▼

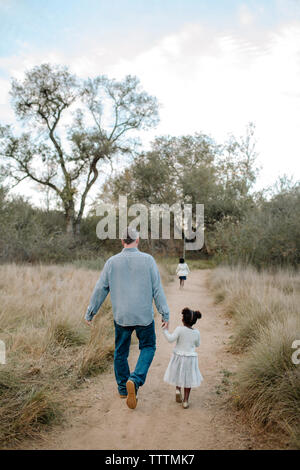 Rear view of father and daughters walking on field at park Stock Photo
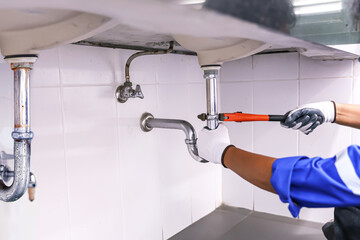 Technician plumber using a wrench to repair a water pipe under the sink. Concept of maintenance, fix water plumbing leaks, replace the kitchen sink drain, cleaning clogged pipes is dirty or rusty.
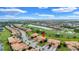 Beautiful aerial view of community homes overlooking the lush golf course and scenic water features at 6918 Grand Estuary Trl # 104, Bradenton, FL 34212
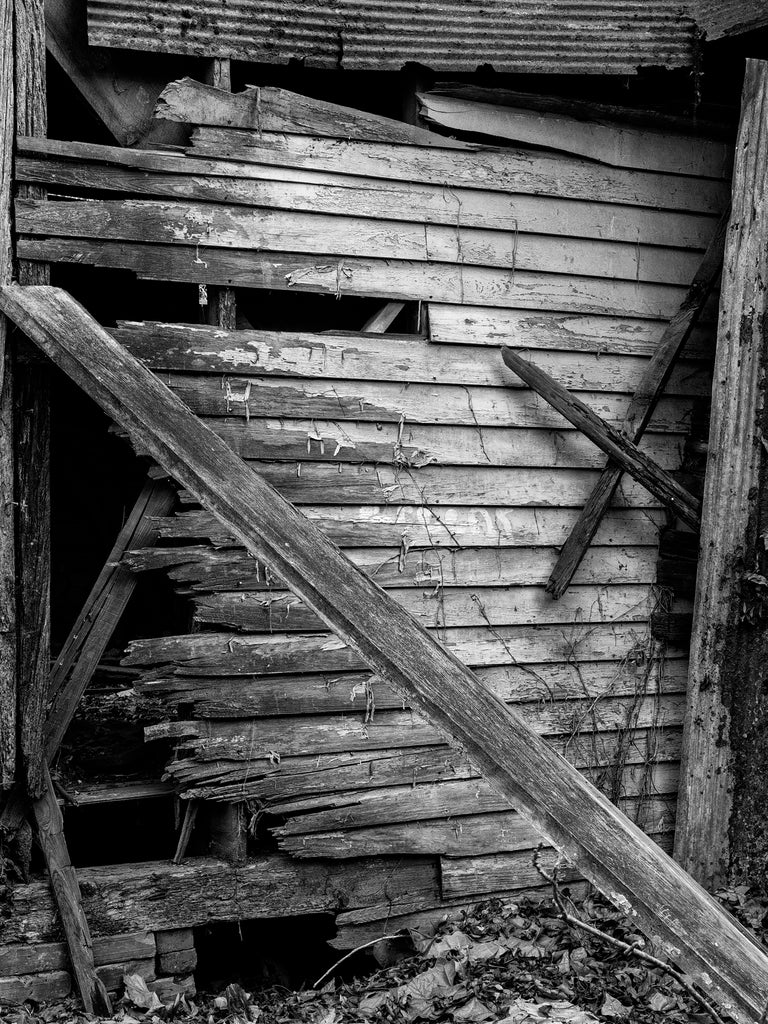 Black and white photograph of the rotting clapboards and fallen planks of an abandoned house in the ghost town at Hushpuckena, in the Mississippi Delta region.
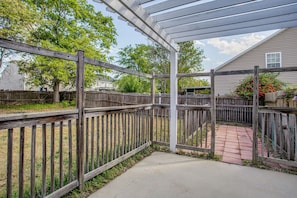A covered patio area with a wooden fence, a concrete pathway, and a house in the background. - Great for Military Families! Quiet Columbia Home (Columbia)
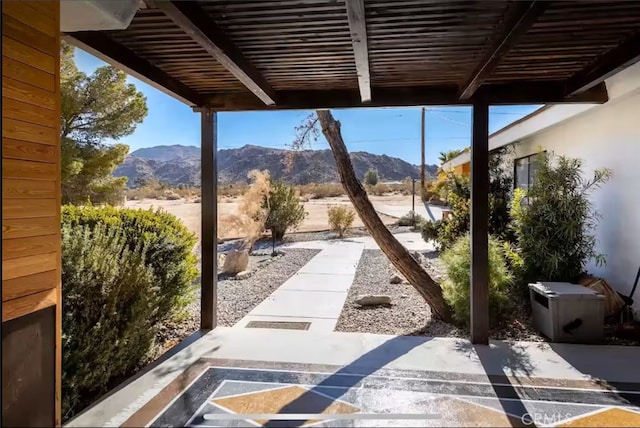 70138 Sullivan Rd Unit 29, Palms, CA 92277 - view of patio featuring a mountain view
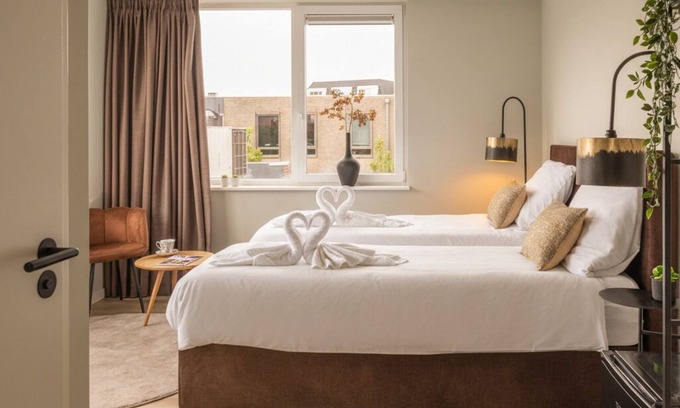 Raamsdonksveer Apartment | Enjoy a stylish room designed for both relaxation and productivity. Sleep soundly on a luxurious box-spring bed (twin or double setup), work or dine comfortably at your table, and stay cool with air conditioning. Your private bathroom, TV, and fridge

▲
▼

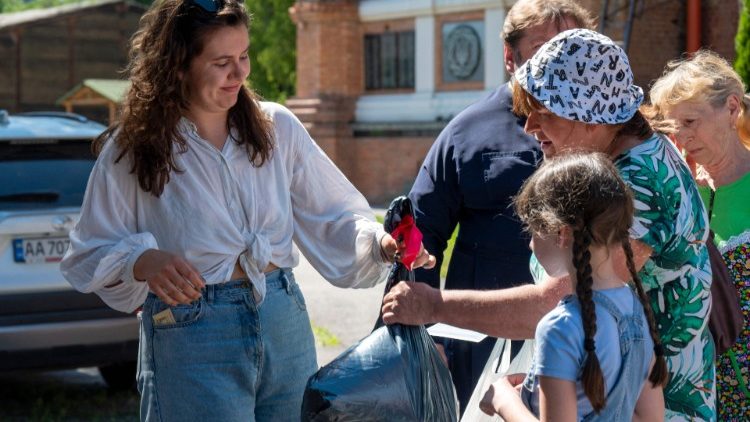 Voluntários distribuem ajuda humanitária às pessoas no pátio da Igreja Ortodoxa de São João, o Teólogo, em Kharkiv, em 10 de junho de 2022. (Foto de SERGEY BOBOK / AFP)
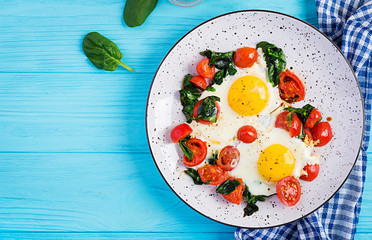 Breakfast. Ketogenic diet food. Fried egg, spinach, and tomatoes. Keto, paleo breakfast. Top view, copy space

▲
▼

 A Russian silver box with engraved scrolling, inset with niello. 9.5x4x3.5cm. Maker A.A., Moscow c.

▲

Task instructions
Return exactly the lines that appear in the data above between the line containing "Black and white" and the line containing "Raamsdonksveer Apartment |", both of which are included, and leave the pictures out.

Solution to the problem
 Black and white photograph of the rotting clapboards and fallen planks of an abandoned house in the ghost town at Hushpuckena, in the Mississippi Delta region.
A covered patio area with a wooden fence, a concrete pathway, and a house in the background. - Great for Military Families! Quiet Columbia Home (Columbia)
 70138 Sullivan Rd Unit 29, Palms, CA 92277 - view of patio featuring a mountain view
 Raamsdonksveer Apartment | Enjoy a stylish room designed for both relaxation and productivity. Sleep soundly on a luxurious box-spring bed (twin or double setup), work or dine comfortably at your table, and stay cool with air conditioning. Your private bathroom, TV, and fridge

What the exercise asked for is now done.